N° 1 octobre 2001

Mouvement anti-mondialisation

Une période test

Ce dossier sur le mouvement international contre la mondialisation du capital a été préparé avant le 11 septembre. Son point de départ: la mobilisation très importante, fin juillet, à Gênes.

• Or, après l’attentat criminel du 11 septembre, une "guerre contre le terrorisme" a été lancée par les Etats-Unis, appuyés par leurs alliés européens. La portée de cette troisième guerre conduite par les Etats-Unis au cours d’une décennie — Golfe en 1990-1991 et Serbie-Kosovo 1999 — ne doit pas être sous-estimée. Ce d’autant plus qu’elle intervient dans un contexte de retournement marqué de la conjoncture économique. Toutes les implications de ce déploiement militaire impérialiste — adossé à une nouvelle "guerre froide contre le terrorisme" — sont encore difficiles à prendre en compte. Néanmoins, ce serait faire preuve d’une irréflexion excessive que de considérer ces grandes manœuvres militaro-politiques comme un conflit relativement ponctuel. Si c’était le cas, il suffirait, tout bonnement, d’affûter quelques arguments et de reconduire les mobilisations passées, auxquels il conviendrait d’ajouter un volet supplémentaire "contre la logique de guerre". Des interrogations plus soutenues nous paraissent indispensables.

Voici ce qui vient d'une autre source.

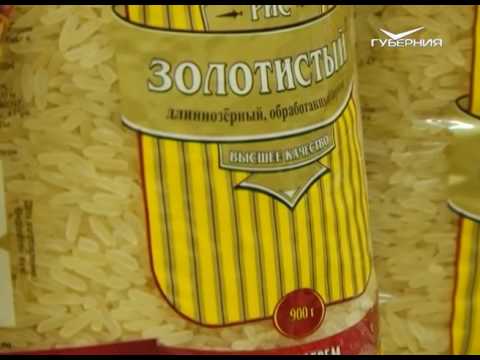 Сохраняйте чек 17.07.2016. Длиннозерный рис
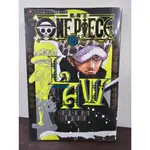 【全新現貨】ONE PIECE NOVEL 航海王小說 LAW 羅篇 全(送書套)(輕小說) 東立出版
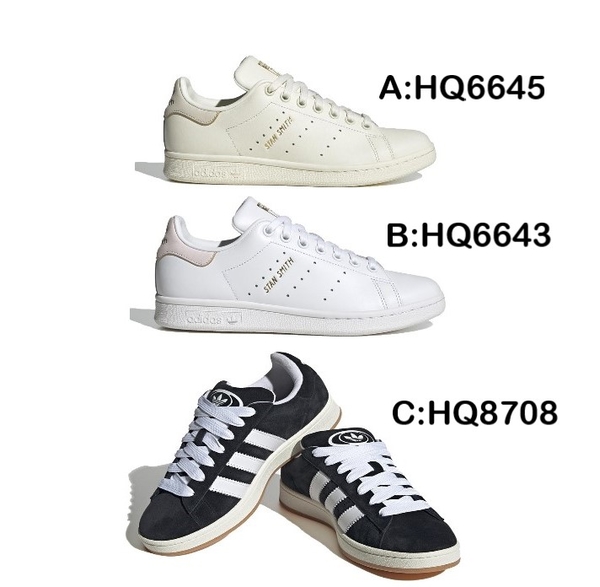 [時時樂限定] Adidas 多款式 休閒鞋 男女款 運動 百搭 HQ6645/HQ6643/HQ8708 白黑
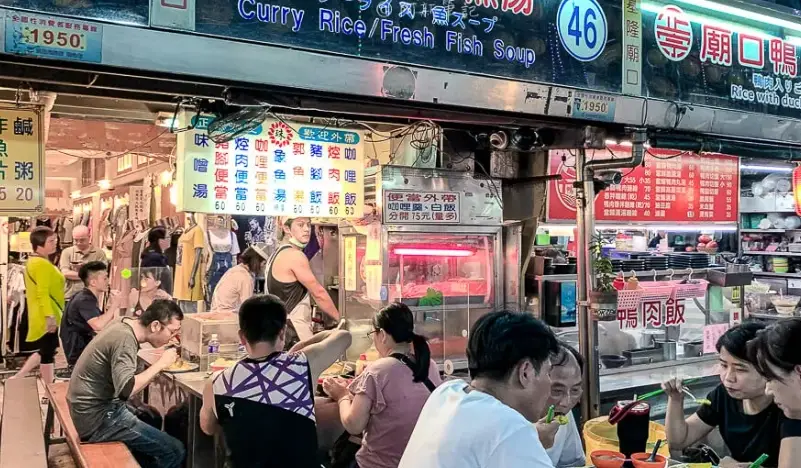 基隆廟口美食地圖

• A Québec comme à Gênes une jonction s’est produite entre un secteur du mouvement ouvrier organisé (avant tout syndical) et les multiples forces engagées dans les mobilisations "anti-mondialistes". De plus, ce mouvement de protestation se développe dans un climat différent de celui du début des années 1990. Ainsi The Economist remarque qu’"au mieux elles [les institutions internationales comme l’OMC ou le FMI] ne peuvent attendre qu’une acceptation à contrecœur de la part de l’opinion publique" (Survey, p. 3, 29 septembre 2001). Et, lorsque les "firmes multinationales… commencent à raconter comment elles ne vont plus mettre le profit au premier rang, les gens (à juste titre) pensent qu’elles mentent"!

Depuis septembre-octobre, les bombardements et la campagne de propagande — orchestrée de manière bien rodée — n’ont pas fait exploser les piliers de cette contestation diffuse à l’encontre des diverses expressions économiques, sociales, politiques et culturelles de la mondialisation capitaliste. Néanmoins, le cadre change et les enjeux deviennent, en quelque sorte, plus concrets sous l’effet d’une guerre et d’une récession qui mettent au jour la réalité des rapports de force effectifs entre classes — et leurs diverses représentations — au sein des divers pays et sociétés, à l’échelle internationale. Lorsque l’Argentine plonge dans l’abysse, la revendication la plus élémentaire pose de suite la question du pouvoir. L’ampleur d’une manifestation à l’occasion d’un sommet européen ou d’une rencontre de l’OMC se situe dans un registre différent.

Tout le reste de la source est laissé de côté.